> **DATA SECTION**
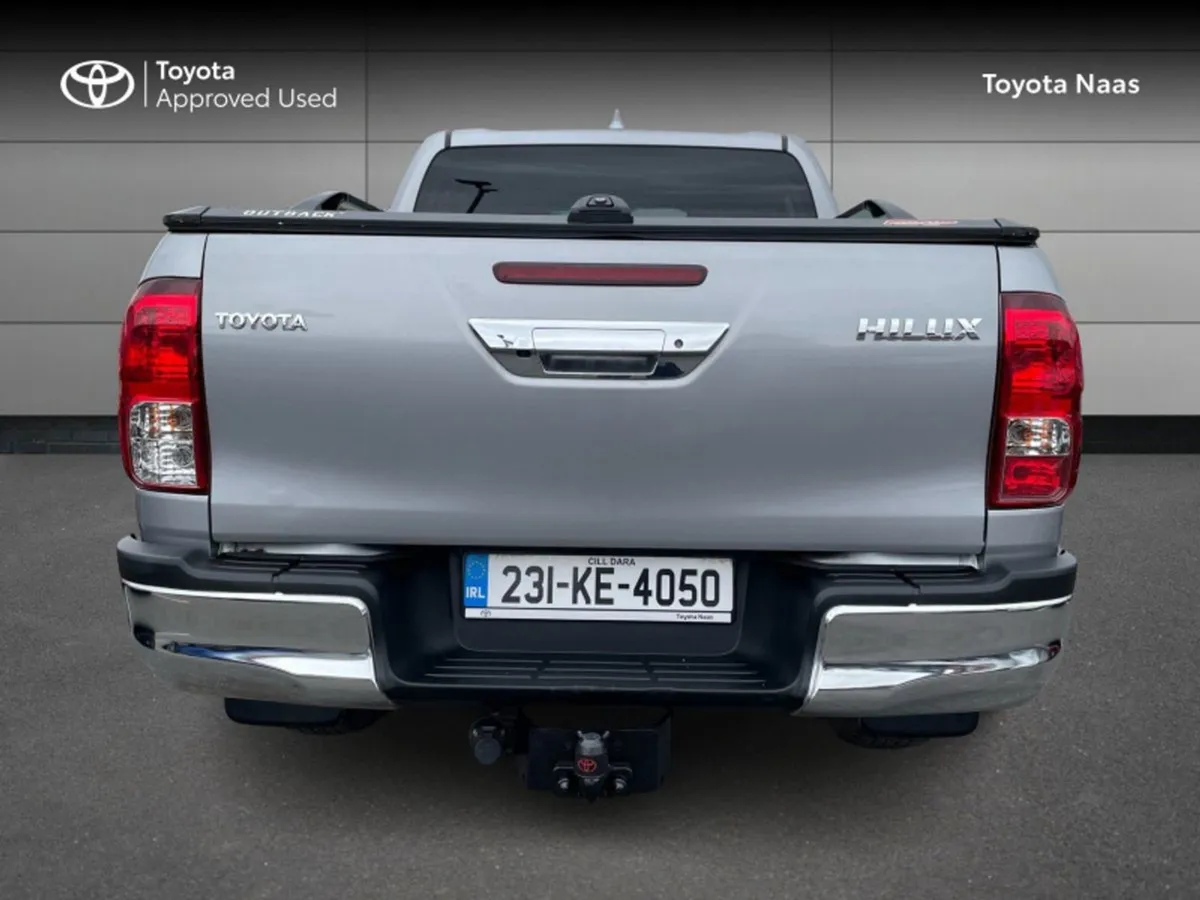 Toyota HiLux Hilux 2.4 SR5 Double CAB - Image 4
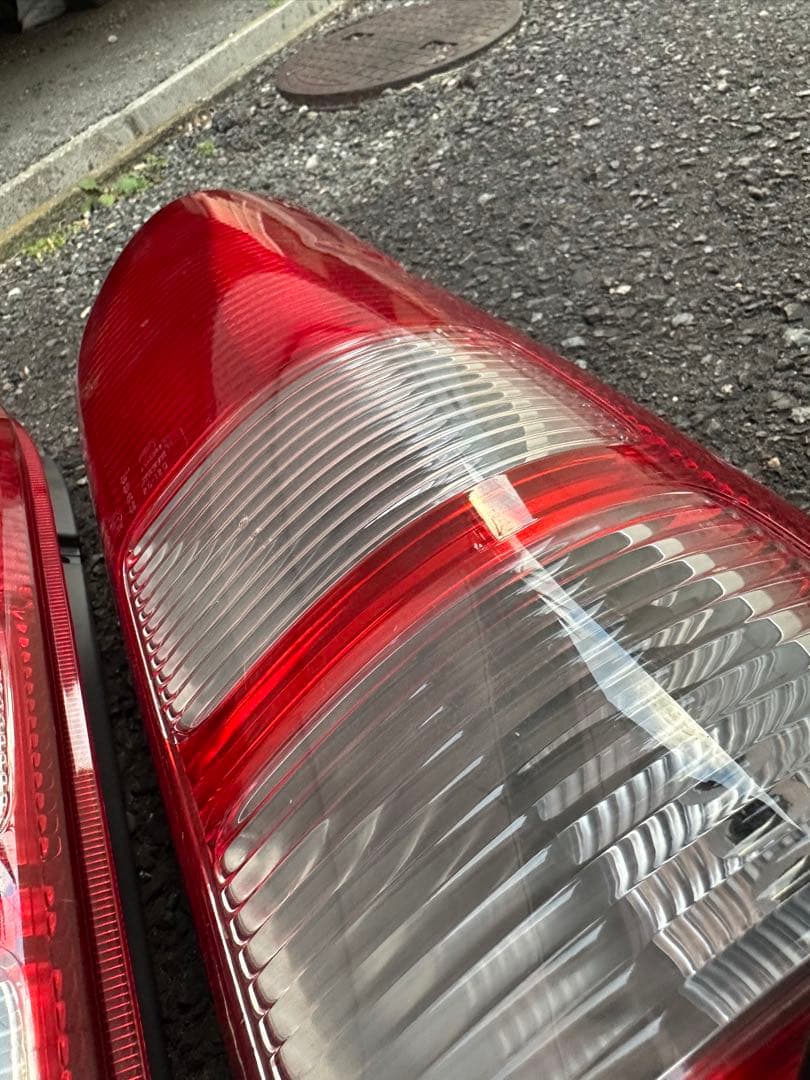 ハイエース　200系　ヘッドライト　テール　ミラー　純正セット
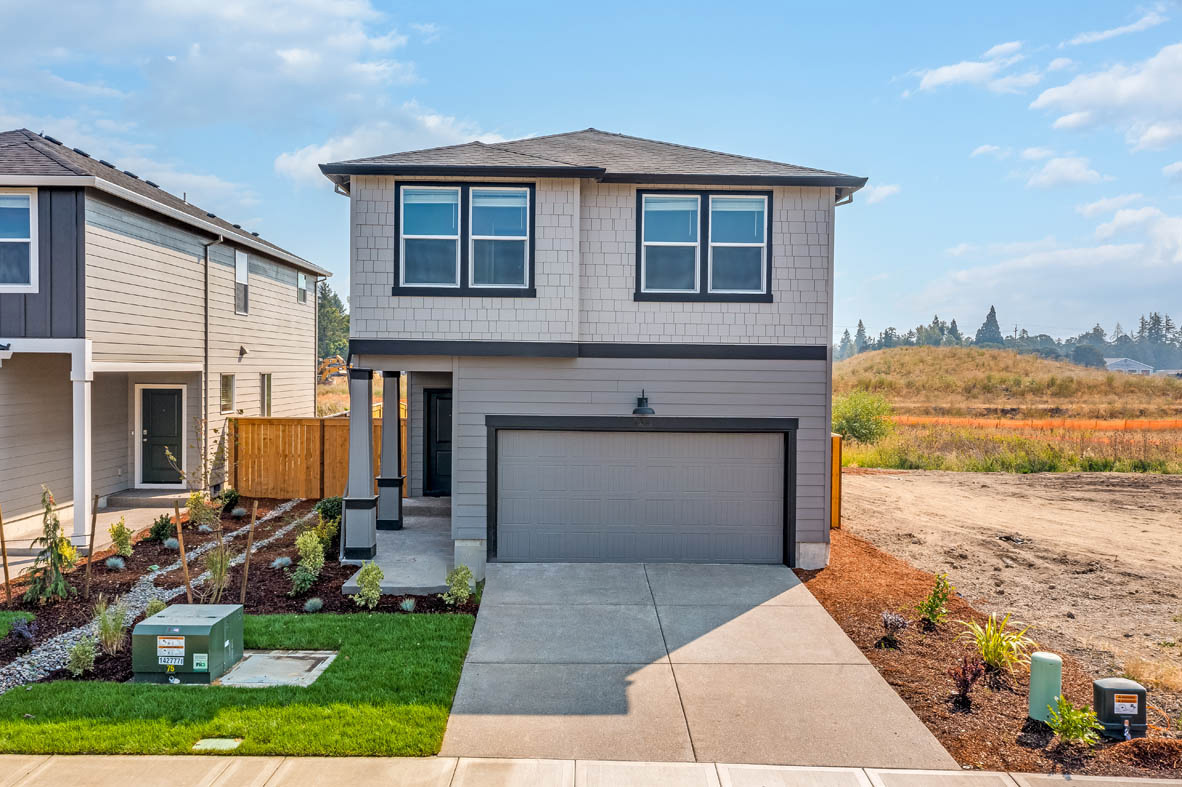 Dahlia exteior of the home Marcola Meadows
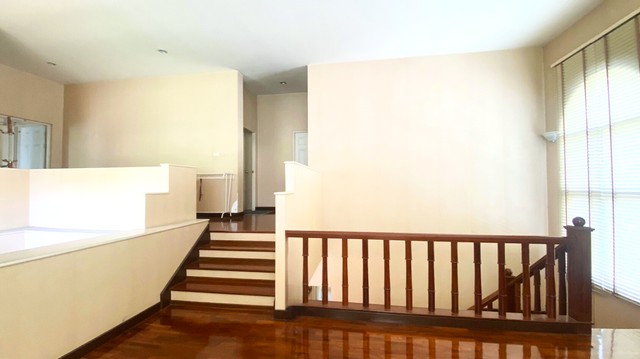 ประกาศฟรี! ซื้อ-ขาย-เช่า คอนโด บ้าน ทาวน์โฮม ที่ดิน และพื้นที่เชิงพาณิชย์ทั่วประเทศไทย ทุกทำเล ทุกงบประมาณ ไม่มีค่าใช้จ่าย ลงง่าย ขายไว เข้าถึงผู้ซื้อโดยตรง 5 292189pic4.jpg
---
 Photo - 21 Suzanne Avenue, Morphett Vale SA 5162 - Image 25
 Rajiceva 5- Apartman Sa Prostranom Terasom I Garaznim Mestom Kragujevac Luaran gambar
---
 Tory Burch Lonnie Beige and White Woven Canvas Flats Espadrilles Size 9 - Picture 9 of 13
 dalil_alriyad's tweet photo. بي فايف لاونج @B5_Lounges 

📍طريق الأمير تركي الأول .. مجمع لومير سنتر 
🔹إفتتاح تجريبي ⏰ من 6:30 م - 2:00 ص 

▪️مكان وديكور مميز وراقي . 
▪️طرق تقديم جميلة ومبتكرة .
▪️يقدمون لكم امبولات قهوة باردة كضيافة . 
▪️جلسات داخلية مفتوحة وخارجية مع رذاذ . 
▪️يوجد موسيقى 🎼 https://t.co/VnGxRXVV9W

> **WORK ITEM**
Transcribe the records above exactly, beginning at the line that contains "وخارجية مع رذاذ ." and ending with the line that contains "موسيقى 🎼 https://t.co/VnGxRXVV9W", both included, and nothing else.

> **RESULT OF THE TASK**
▪️جلسات داخلية مفتوحة وخارجية مع رذاذ . 
▪️يوجد موسيقى 🎼 https://t.co/VnGxRXVV9W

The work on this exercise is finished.